Ragionare oggi sul tema dell’organizzazione del lavoro, soprattutto nell’ambito industriale-manifatturiero è strategicamente rilevante, perché è un elemento che va ad impattare sui livelli di produttività, di competitività aziendale e sulla qualità stessa del lavoro degli operai.

A questa sono strettamente connessi molteplici aspetti che vanno dalle scelte e dalla visione del management, all’organizzazione degli stabilimenti fino al modo di lavorare interno alla fabbrica.

Nell’attuale contesto competitivo è importante che ogni azienda e i suoi manager tendano al miglioramento continuo e che siano orientati ad approcciare forme di lavoro nuove e moderne.

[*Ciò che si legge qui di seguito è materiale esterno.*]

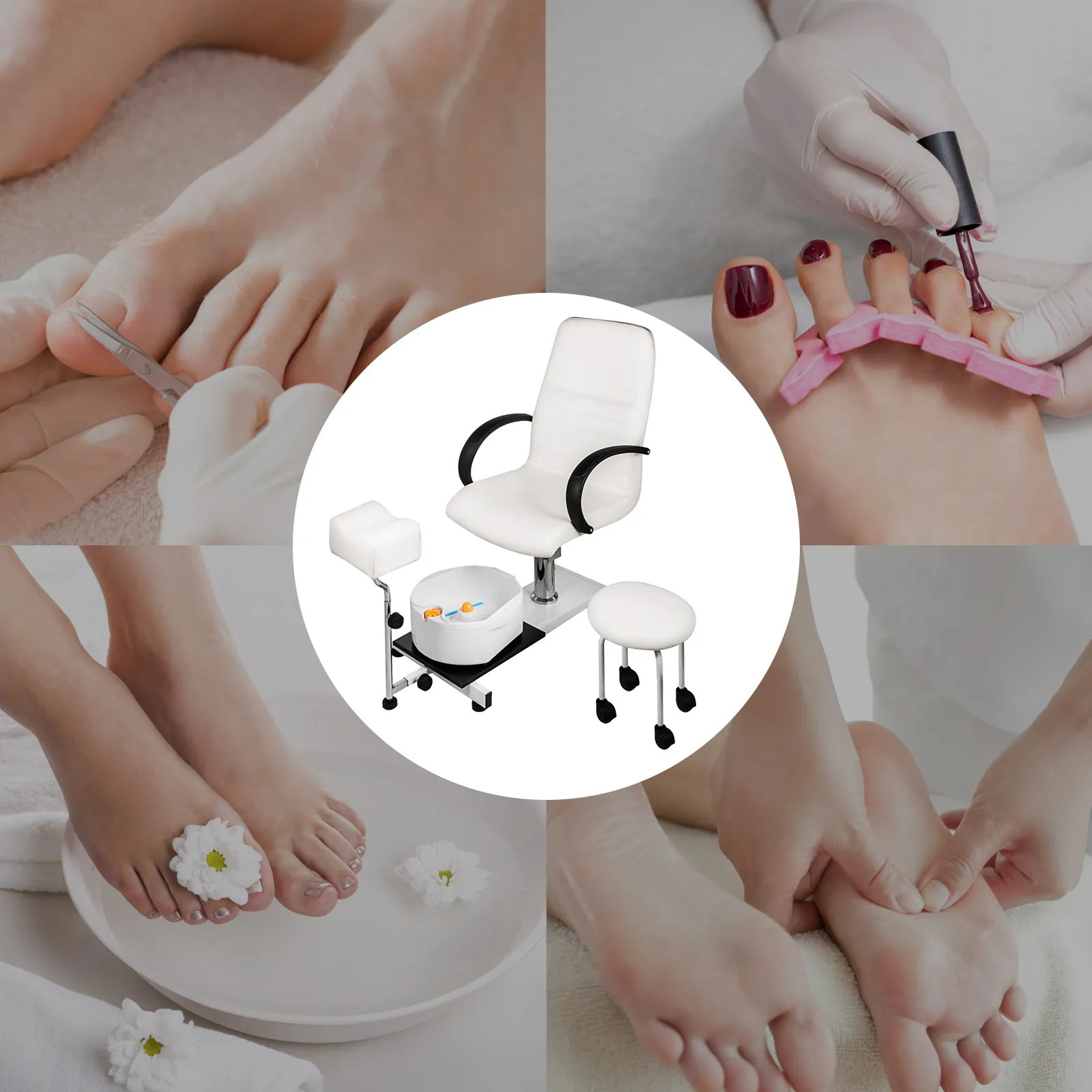 Sillón de pedicura spa hidráulico VEVOR con remojo de pies, masaje y cuidado de uñas en collage.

Indubbiamente il settore dell’automotive oggi sta radicalmente cambiando il concetto di fabbrica, ha saputo rinnovarsi negli anni. Negli anni 60 visitando uno stabilimento si osservavano operai in tuta blu che lavoravano in ambienti poco curati e studiati, ora non è più così. Oggi alcuni stabilimenti sembrano atelier di alta moda, gli operai sono vestiti di bianco, gli ambienti sono colorati e puliti, il lavoro è organizzato in piccoli gruppi di persone con un team leader…

Questa è la via della buona produttività che apprezzo e a cui tutta l’industria italiana dovrebbe tendere. L’importanza del lavoro dell’uomo all’interno di una qualsiasi realtà industriale è vitale per l’azienda stessa e per questo deve essere valorizzata sotto tutti i punti di vista. Tutto dipende dall’organizzazione del lavoro: da come si progetta il prodotto, a come si sviluppa il processo produttivo; da come si esegue la produzione a come si fornisce l’assistenza post vendita. 

Mi piace sempre ricordare il concetto di Buona Produttività. Buona significa innanzitutto che parte dal basso e la produttività è costruita progettando ogni singola azione, tenendo conto delle capacità umane (velocità, precisione, sforzo, fatica e addestramento) e del contributo di valore che viene generato. Definite e progettate le “buone” azioni, successivamente è essenziale saper comporre il puzzle e integrare ognuna di esse in modo armonioso e sincronizzato per la realizzazione di un flusso produttivo efficiente e sicuro. Tutto ciò non è fantasia ma l’essenza di qualsiasi sistema produttivo World Class, Lean o che dir si voglia (noi italiani amiamo le etichette).

Ciò mette in evidenza l’importante ruolo del lavoratore che sempre più dovrebbe essere visto come fonte di vantaggio competitivo, da coinvolgere e valorizzare.

Questo libro ha un duplice lato interessante: oltre al pregio di confrontare due mondi considerandone anche tutto il contesto sociale, culturale, sindacale, le differenze legate a sistemi di welfare diversi; entra nella fabbrica e ne analizza i processi, le linee, le stazioni di lavoro, le scelte organizzative evidenziando tutti quegli elementi chiave che sono alla base dell’organizzazione del lavoro e sui quali è sempre importante prestare la massima attenzione.

Un libro di indubbio interesse sociale che porta dati ed evidenze intorno al mondo degli operai nelle fabbriche, al loro ruolo, alle loro scelte e al modo di lavorare.

Ricordando ancora una volta che il mancato adeguamento delle strutture organizzative, il limitato coinvolgimento attivo di tutte le risorse umane in azienda può fare la differenza tra il successo e l’insuccesso di una azienda, voglio evidenziare che il mondo del lavoro del futuro parte proprio da queste analisi e dalla valorizzazione di tutti gli elementi trattati in questo libro.